Note that from a configuration perspective this is cleaner as it's easier
to maintain value pairs like this for config management. But I don't think
the option name is that great especially to send a single one. So maybe
this one instead should be "proxy-v2-option(type) <fmt>" though it may
maintain some confusion (option vs options). The other solution might be
to have a shorter one, which is also nicer when using many of these, e.g.
"proxy-v2-opt()".

Such an approach would basically split the proxy-v2 usage in two groups:
  - options that are either there or not there (proxy-v2-options)
  - options that need to take a value (proxy-v2-opt()).

I've been wondering if we want to use a format string or raw binary data
here, because some options are binary and nothing indicates that this will
not continue in the future. However since fc_pp_tlv() returns a string, I
guess most of them will continue this way. For set-var() we're using a raw
typed expression, but then we created set-var-fmt() to have one that takes
a log format. Just thinking loud, but then what about "proxy-v2-optfmt()"
or even "proxy-v2-tlvfmt()" or "pp-tlv-fmt()" (after all when speaking
about tlv we imply v2, right?). That would allow us later to implement
"pp-tlv()" taking an expression if really needed, e.g. to pass a DER
certificate, a SHA256, a sub-tlv or any such a thing.

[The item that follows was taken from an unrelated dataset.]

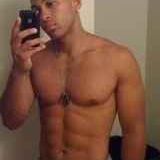 James Peirce Photo 3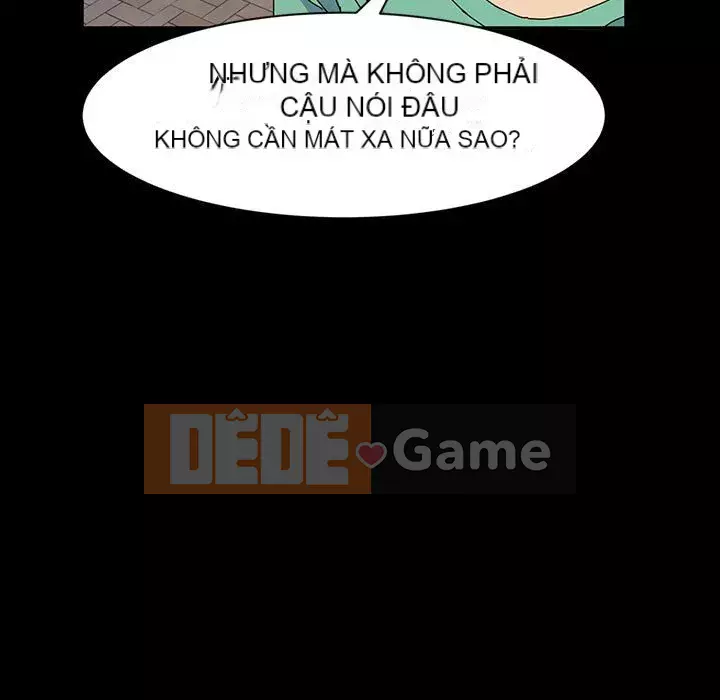 Mô hình rắn lu Chương 17-18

Generally speaking I'm fine with the approach of making the output PP TLV
configurable, I think it does bring some value and flexibility in general.
That's also why I'm extremely careful about the config shortcomings that
can come with it, because I suspect it could become popular and we really
want to avoid new fall traps.

I think that most of your patch will remain as-is, it's only the parsing
part which needs to change a little bit to take such points into account.
However as you understand I really don't want to modify existing values
in-place but since variables and converters can do the job, that's likely
the best approach.

Also once this is merged, a new problem will emerge. There's still no
registry for the PPv2 TLV types. Years ago I've been suggested to write
an RFC about it but I just can't take two more hours of my daily sleep
time to work on that. I'm seeing that the proxy-protocol doc already
reserves a two ranges (one for locally-administered values, one for
experiment). I think that the doc for the keyword should put a big
caution about this, suggesting to have a look at that section and not
to pick random values out of nowhere.